* [INSTRUCTIONS TO FOLLOW]: Your answer should give again, exactly, the lines from the beginning of the entries below through the line containing "2,5 tấn mì chính giả từ Lào về Việt Nam". It must contain no pictures.

* [SUPPLIED INFORMATION]:

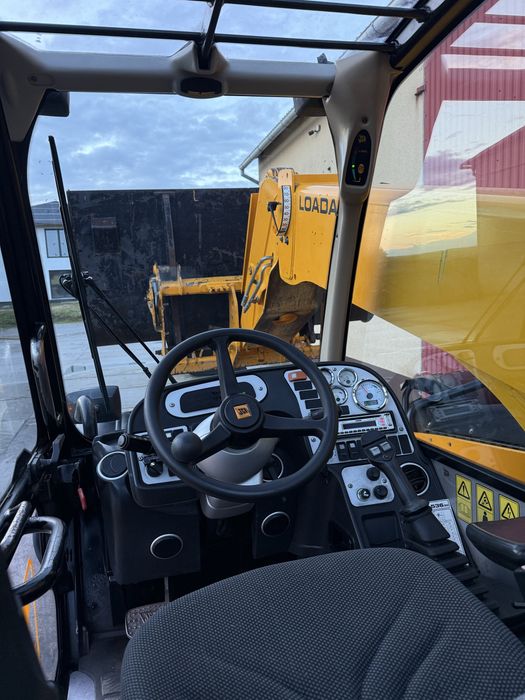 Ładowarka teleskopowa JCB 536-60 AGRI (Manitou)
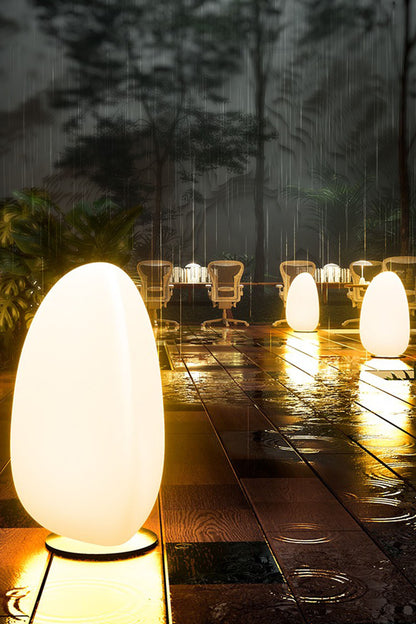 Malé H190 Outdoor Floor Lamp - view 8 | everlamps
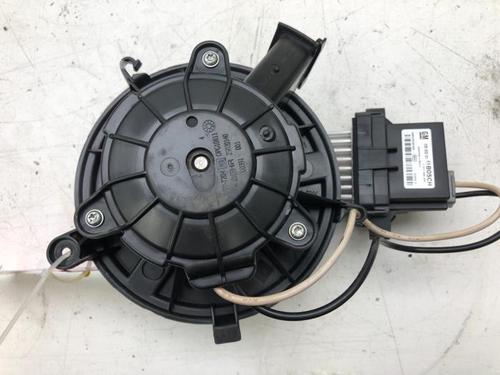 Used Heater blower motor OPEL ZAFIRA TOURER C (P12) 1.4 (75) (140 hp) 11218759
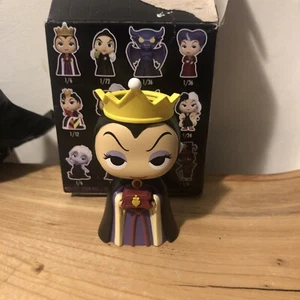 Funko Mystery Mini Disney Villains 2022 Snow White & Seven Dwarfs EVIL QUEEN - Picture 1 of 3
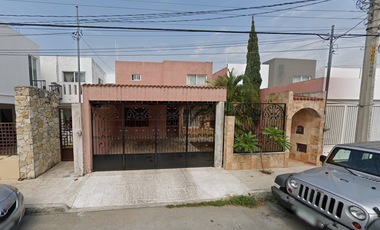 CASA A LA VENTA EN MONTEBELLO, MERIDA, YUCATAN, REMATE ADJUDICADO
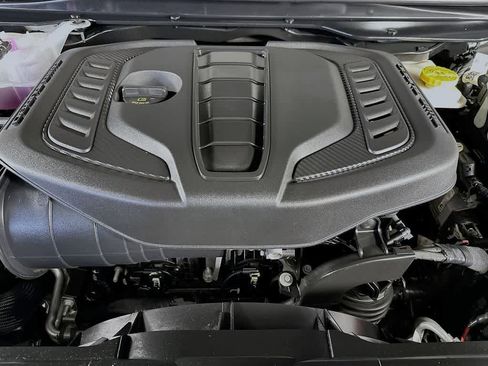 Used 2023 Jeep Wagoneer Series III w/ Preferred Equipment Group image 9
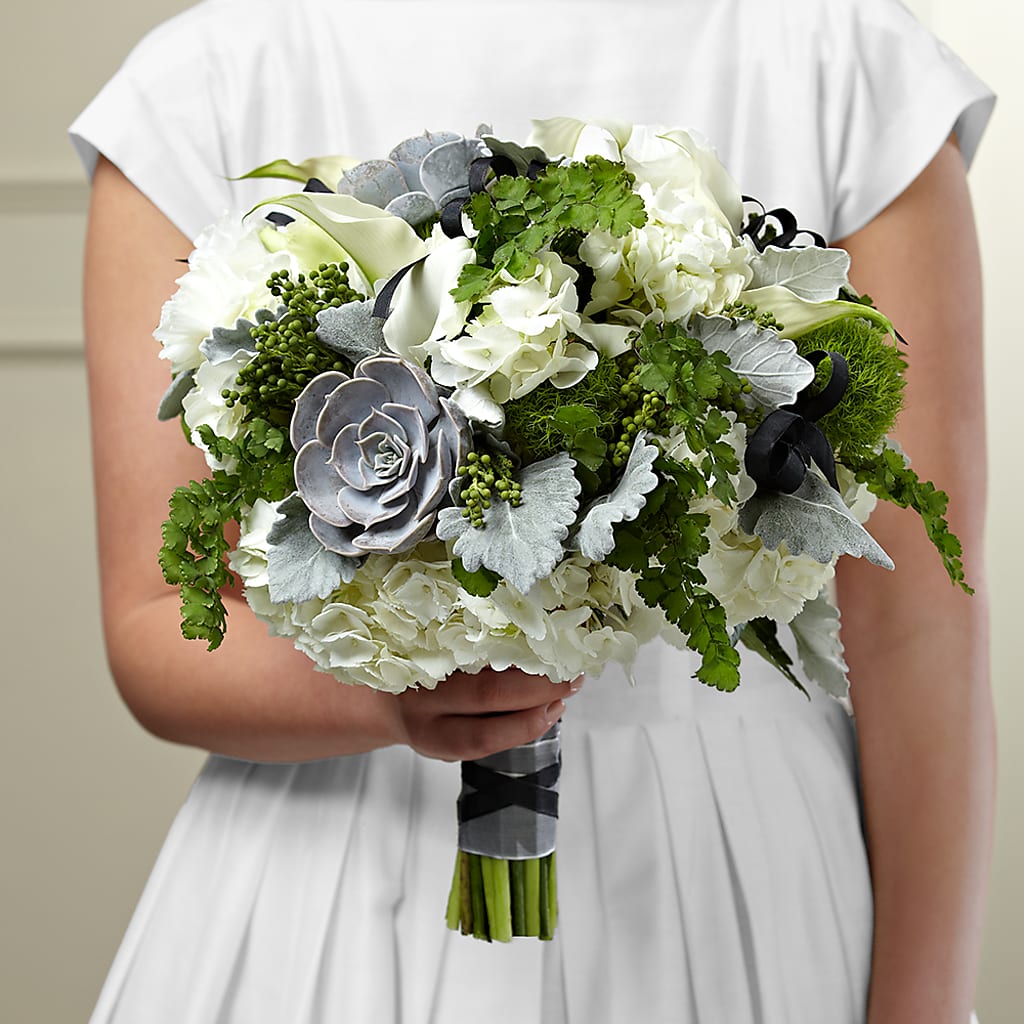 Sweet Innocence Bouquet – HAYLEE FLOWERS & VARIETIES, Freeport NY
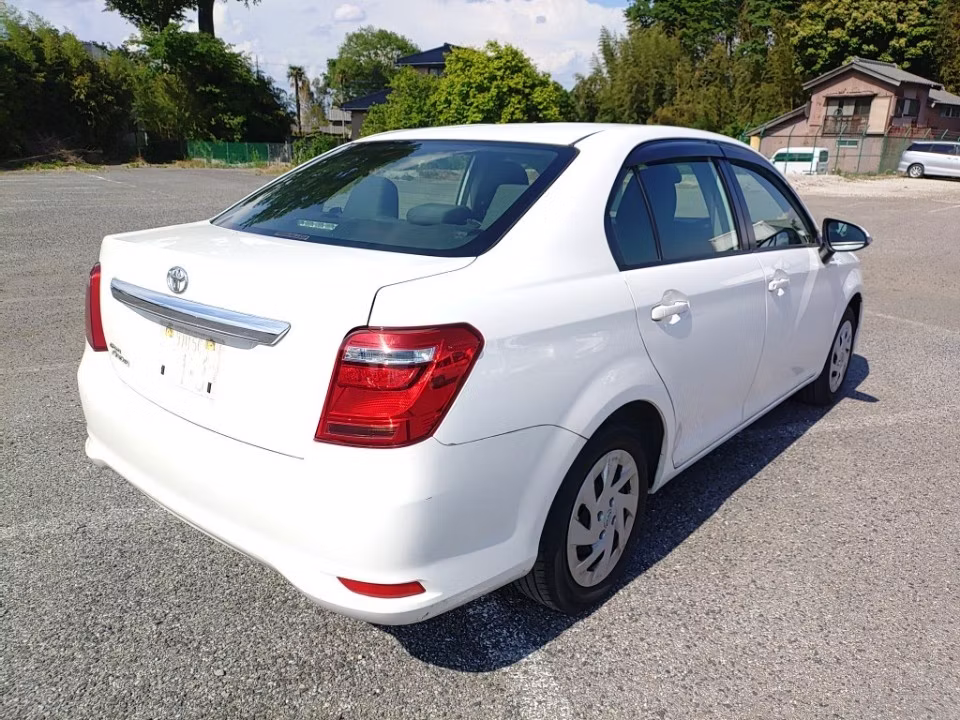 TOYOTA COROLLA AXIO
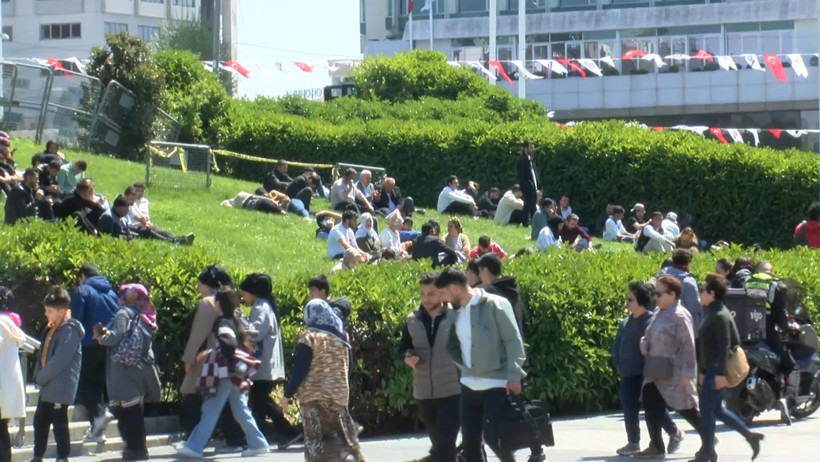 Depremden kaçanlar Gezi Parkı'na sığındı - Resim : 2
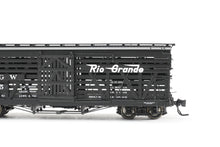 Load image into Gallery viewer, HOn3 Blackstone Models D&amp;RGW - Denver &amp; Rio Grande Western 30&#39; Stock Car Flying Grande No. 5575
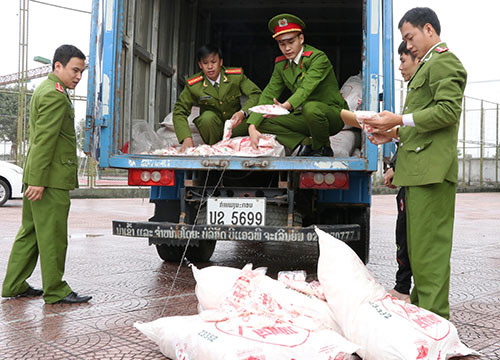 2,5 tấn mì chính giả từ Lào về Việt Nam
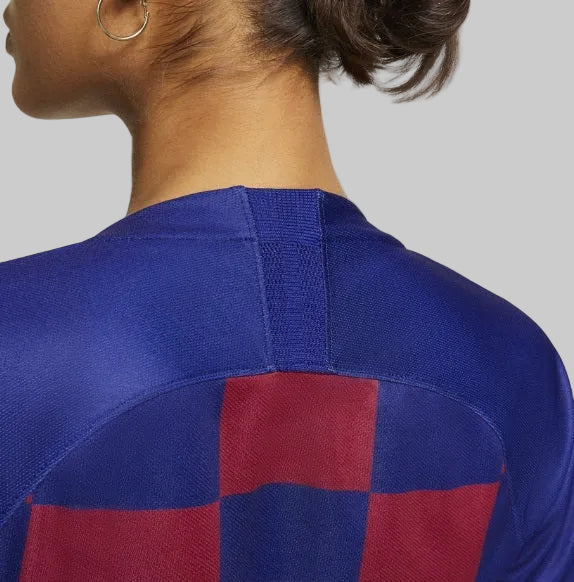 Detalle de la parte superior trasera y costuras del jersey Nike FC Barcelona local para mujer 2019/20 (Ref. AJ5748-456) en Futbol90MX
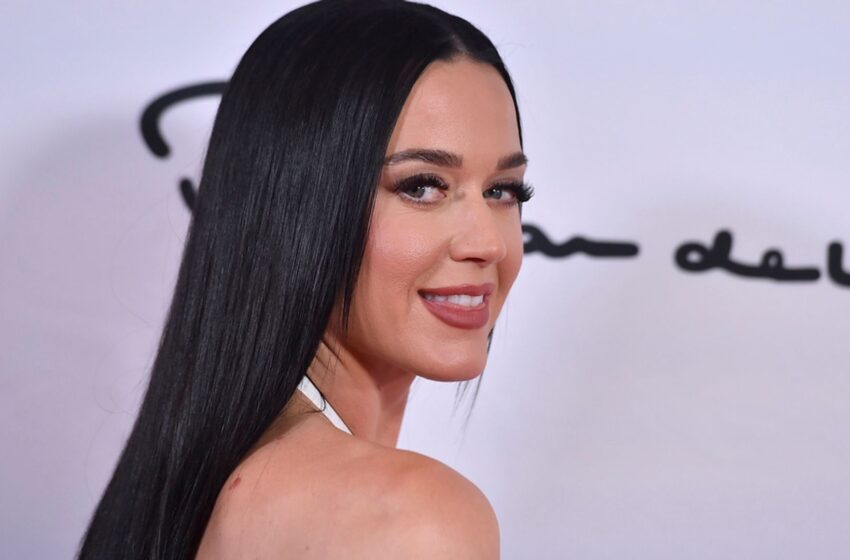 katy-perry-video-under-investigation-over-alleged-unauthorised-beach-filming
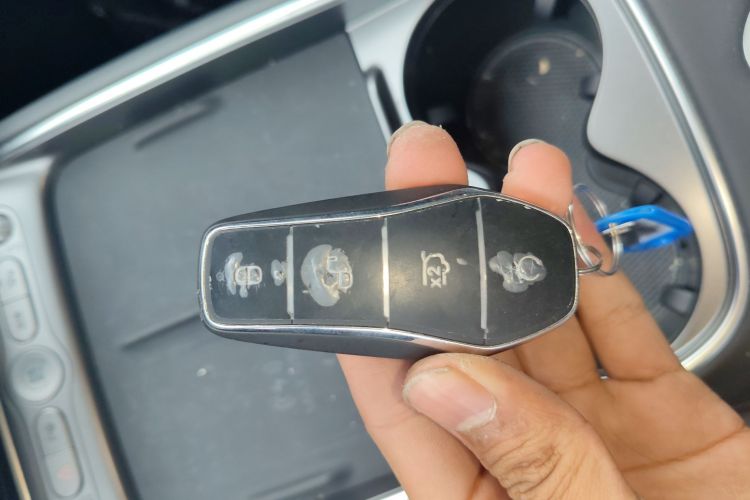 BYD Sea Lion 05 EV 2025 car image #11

* [EXERCISE ANSWER]:
 Ładowarka teleskopowa JCB 536-60 AGRI (Manitou)
 Malé H190 Outdoor Floor Lamp - view 8 | everlamps
 Used Heater blower motor OPEL ZAFIRA TOURER C (P12) 1.4 (75) (140 hp) 11218759
 Funko Mystery Mini Disney Villains 2022 Snow White & Seven Dwarfs EVIL QUEEN - Picture 1 of 3
 CASA A LA VENTA EN MONTEBELLO, MERIDA, YUCATAN, REMATE ADJUDICADO
 Used 2023 Jeep Wagoneer Series III w/ Preferred Equipment Group image 9
 Sweet Innocence Bouquet – HAYLEE FLOWERS & VARIETIES, Freeport NY
 TOYOTA COROLLA AXIO
 Depremden kaçanlar Gezi Parkı'na sığındı - Resim : 2
 Load image into Gallery viewer, HOn3 Blackstone Models D&amp;RGW - Denver &amp; Rio Grande Western 30&#39; Stock Car Flying Grande No. 5575
 2,5 tấn mì chính giả từ Lào về Việt Nam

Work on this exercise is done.